---------- EXCERPTED DATA

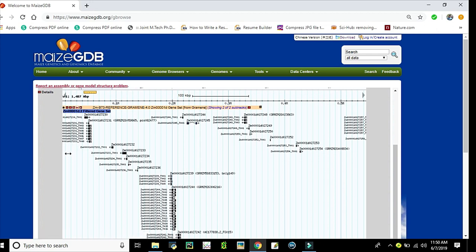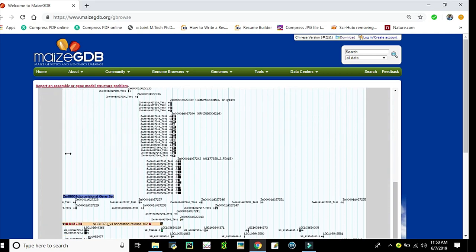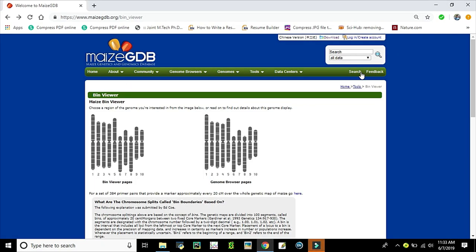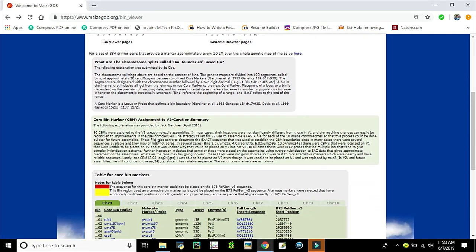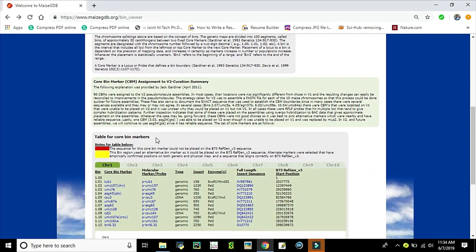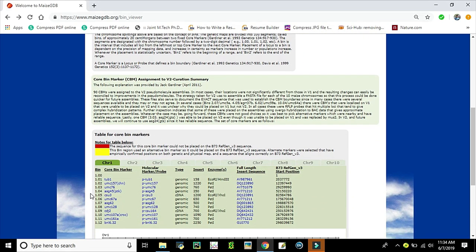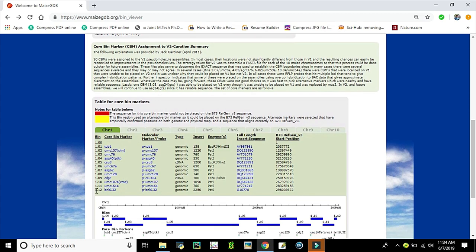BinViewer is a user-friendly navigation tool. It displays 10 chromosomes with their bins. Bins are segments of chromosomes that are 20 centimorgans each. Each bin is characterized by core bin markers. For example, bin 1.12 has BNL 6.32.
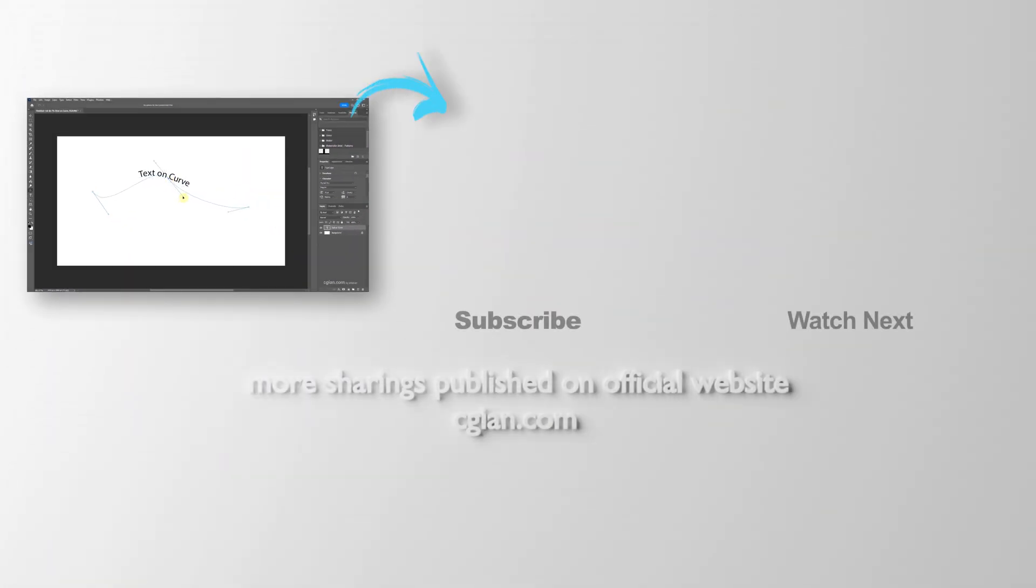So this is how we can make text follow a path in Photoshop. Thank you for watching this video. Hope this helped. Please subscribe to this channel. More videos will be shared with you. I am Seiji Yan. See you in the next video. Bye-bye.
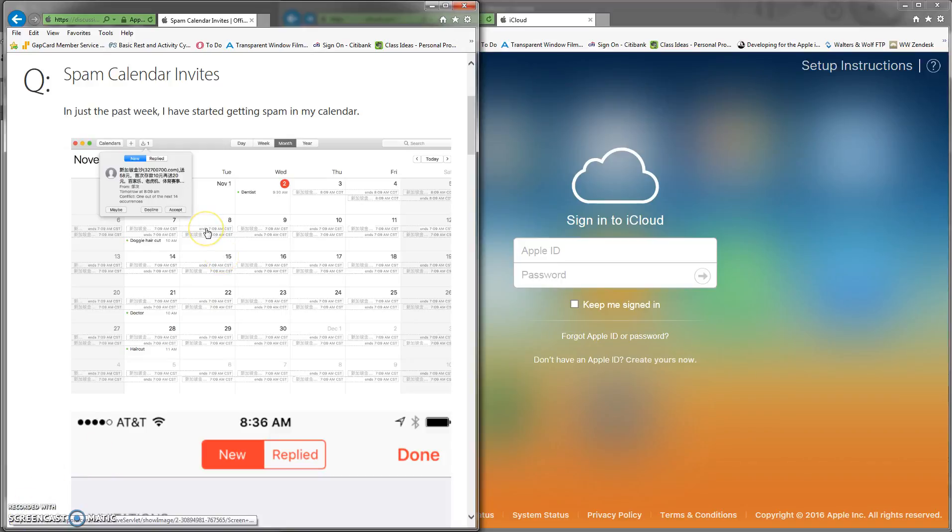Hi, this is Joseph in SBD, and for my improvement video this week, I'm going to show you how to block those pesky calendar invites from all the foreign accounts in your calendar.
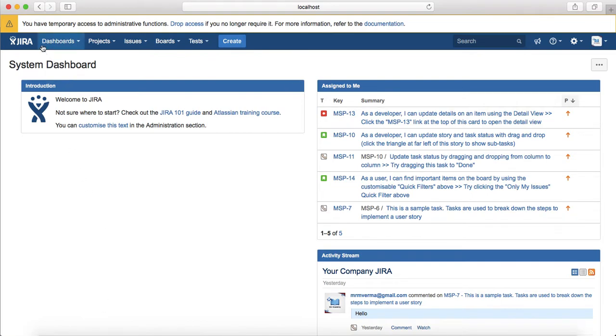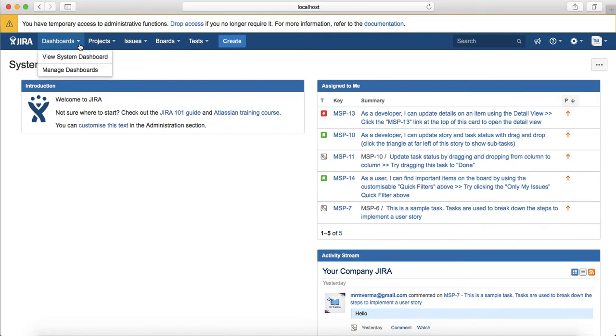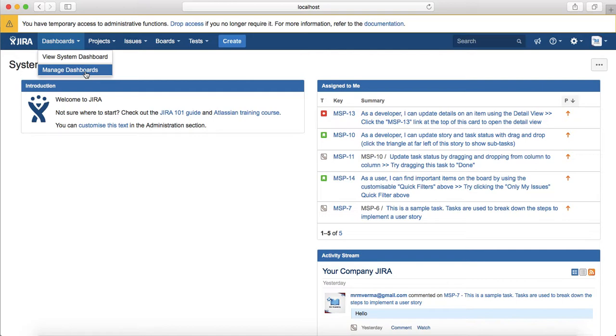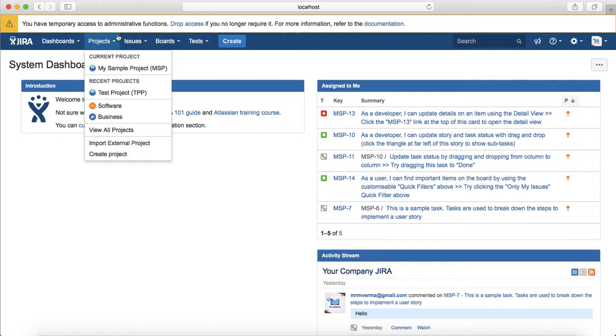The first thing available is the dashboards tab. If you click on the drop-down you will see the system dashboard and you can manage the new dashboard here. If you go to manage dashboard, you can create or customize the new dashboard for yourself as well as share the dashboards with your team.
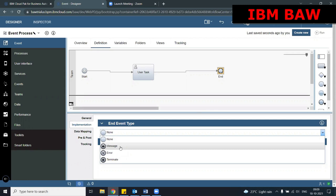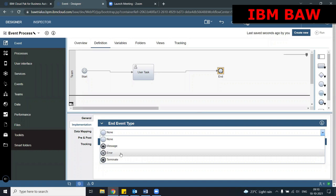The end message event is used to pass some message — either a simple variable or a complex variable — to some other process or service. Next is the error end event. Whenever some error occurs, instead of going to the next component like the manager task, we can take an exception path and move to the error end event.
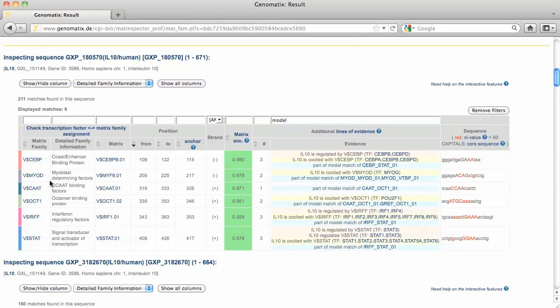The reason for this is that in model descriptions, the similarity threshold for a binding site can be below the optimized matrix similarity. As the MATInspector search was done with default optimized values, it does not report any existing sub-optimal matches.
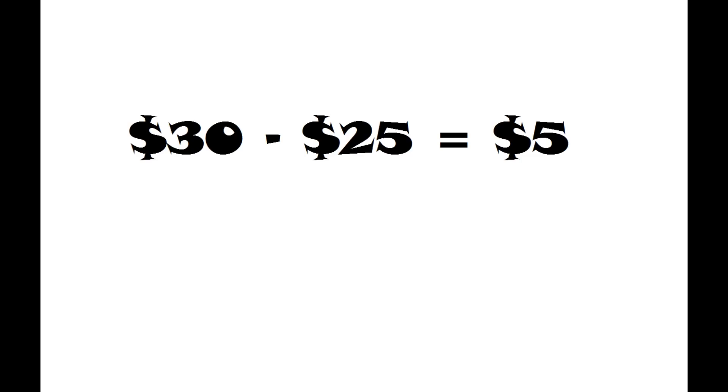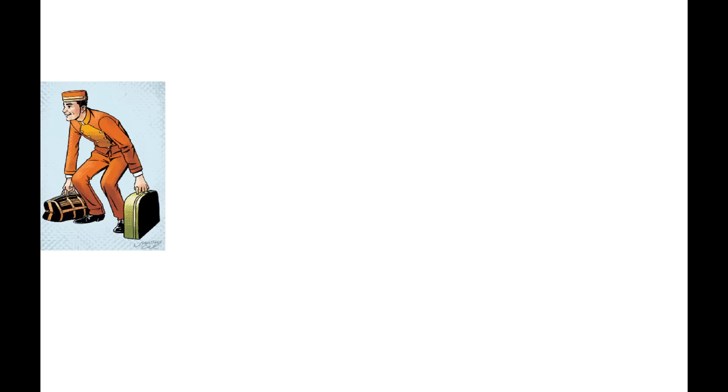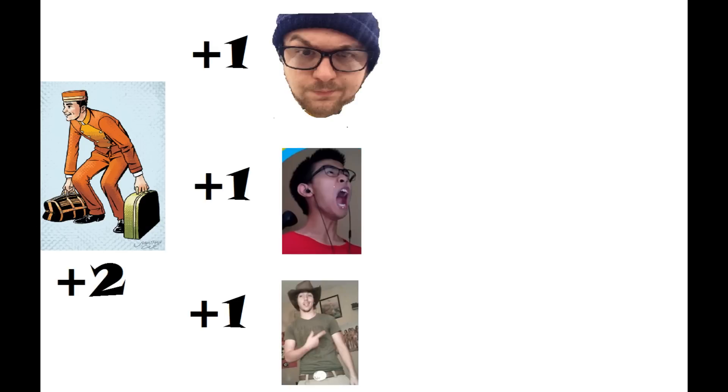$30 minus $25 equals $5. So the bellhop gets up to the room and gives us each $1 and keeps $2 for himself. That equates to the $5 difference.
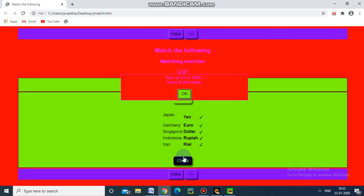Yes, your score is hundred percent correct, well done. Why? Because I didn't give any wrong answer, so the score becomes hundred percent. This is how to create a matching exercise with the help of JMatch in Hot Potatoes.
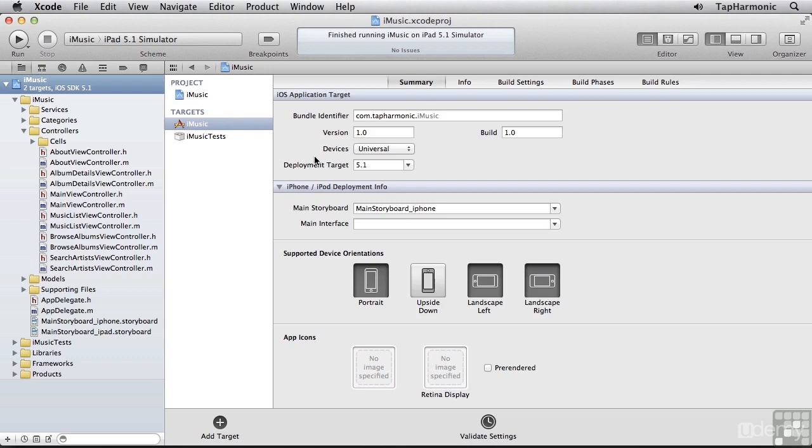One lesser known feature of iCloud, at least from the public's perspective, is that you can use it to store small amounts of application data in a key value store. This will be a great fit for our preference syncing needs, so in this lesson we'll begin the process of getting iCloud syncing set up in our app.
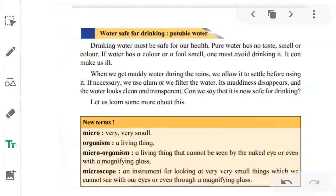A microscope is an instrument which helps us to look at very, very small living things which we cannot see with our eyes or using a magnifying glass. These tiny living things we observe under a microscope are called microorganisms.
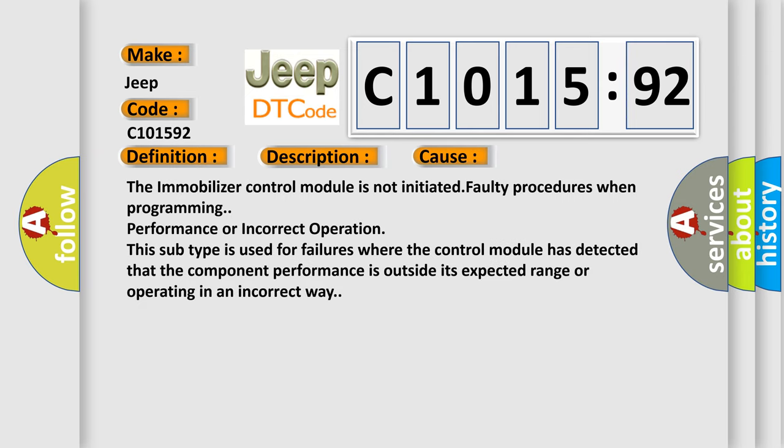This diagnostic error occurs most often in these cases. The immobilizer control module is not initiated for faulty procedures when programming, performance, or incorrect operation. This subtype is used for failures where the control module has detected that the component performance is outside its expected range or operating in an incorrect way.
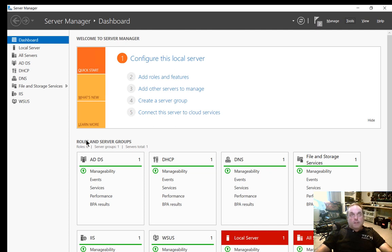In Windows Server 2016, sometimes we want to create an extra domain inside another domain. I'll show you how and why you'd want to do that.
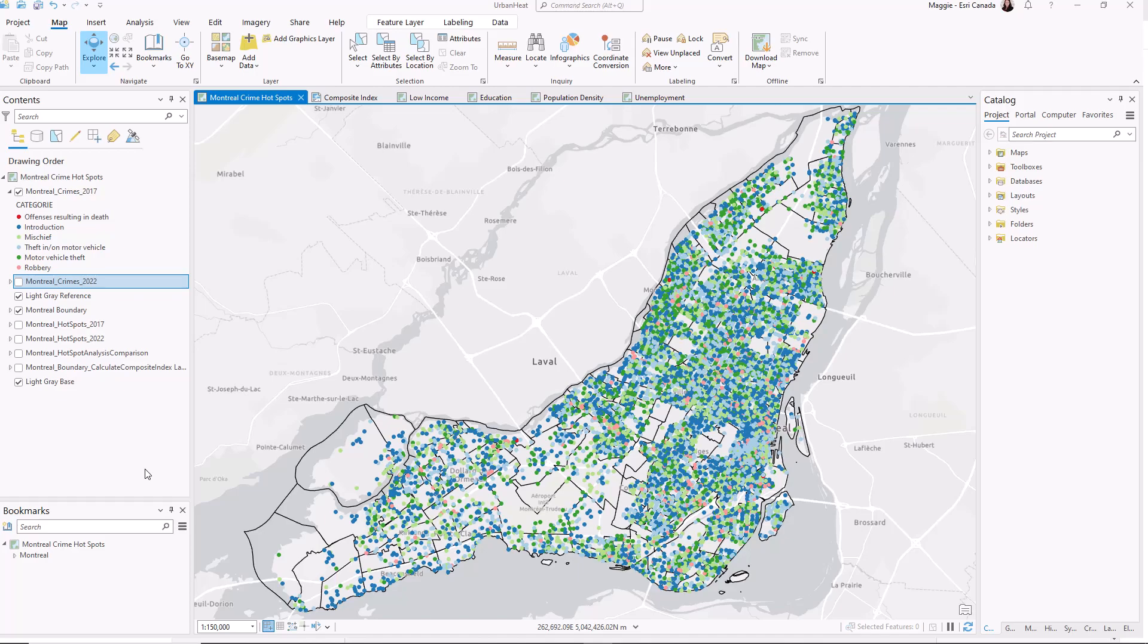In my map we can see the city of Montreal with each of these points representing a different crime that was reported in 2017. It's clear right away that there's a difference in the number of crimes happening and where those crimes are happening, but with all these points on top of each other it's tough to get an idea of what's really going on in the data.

--------------------

▸ **THE TASK**
Output each record above exactly; omit the images.

▸ **EXERCISE RESULT**
BinViewer is a user-friendly navigation tool. It displays 10 chromosomes with their bins. Bins are segments of chromosomes that are 20 centimorgans each. Each bin is characterized by core bin markers. For example, bin 1.12 has BNL 6.32.
So this is how we can make text follow a path in Photoshop. Thank you for watching this video. Hope this helped. Please subscribe to this channel. More videos will be shared with you. I am Seiji Yan. See you in the next video. Bye-bye.
Hi, this is Joseph in SBD, and for my improvement video this week, I'm going to show you how to block those pesky calendar invites from all the foreign accounts in your calendar.
The first thing available is the dashboards tab. If you click on the drop-down you will see the system dashboard and you can manage the new dashboard here. If you go to manage dashboard, you can create or customize the new dashboard for yourself as well as share the dashboards with your team.
The end message event is used to pass some message — either a simple variable or a complex variable — to some other process or service. Next is the error end event. Whenever some error occurs, instead of going to the next component like the manager task, we can take an exception path and move to the error end event.
The reason for this is that in model descriptions, the similarity threshold for a binding site can be below the optimized matrix similarity. As the MATInspector search was done with default optimized values, it does not report any existing sub-optimal matches.
$30 minus $25 equals $5. So the bellhop gets up to the room and gives us each $1 and keeps $2 for himself. That equates to the $5 difference.
Yes, your score is hundred percent correct, well done. Why? Because I didn't give any wrong answer, so the score becomes hundred percent. This is how to create a matching exercise with the help of JMatch in Hot Potatoes.
One lesser known feature of iCloud, at least from the public's perspective, is that you can use it to store small amounts of application data in a key value store. This will be a great fit for our preference syncing needs, so in this lesson we'll begin the process of getting iCloud syncing set up in our app.
A microscope is an instrument which helps us to look at very, very small living things which we cannot see with our eyes or using a magnifying glass. These tiny living things we observe under a microscope are called microorganisms.
This diagnostic error occurs most often in these cases. The immobilizer control module is not initiated for faulty procedures when programming, performance, or incorrect operation. This subtype is used for failures where the control module has detected that the component performance is outside its expected range or operating in an incorrect way.
In Windows Server 2016, sometimes we want to create an extra domain inside another domain. I'll show you how and why you'd want to do that.
In my map we can see the city of Montreal with each of these points representing a different crime that was reported in 2017. It's clear right away that there's a difference in the number of crimes happening and where those crimes are happening, but with all these points on top of each other it's tough to get an idea of what's really going on in the data.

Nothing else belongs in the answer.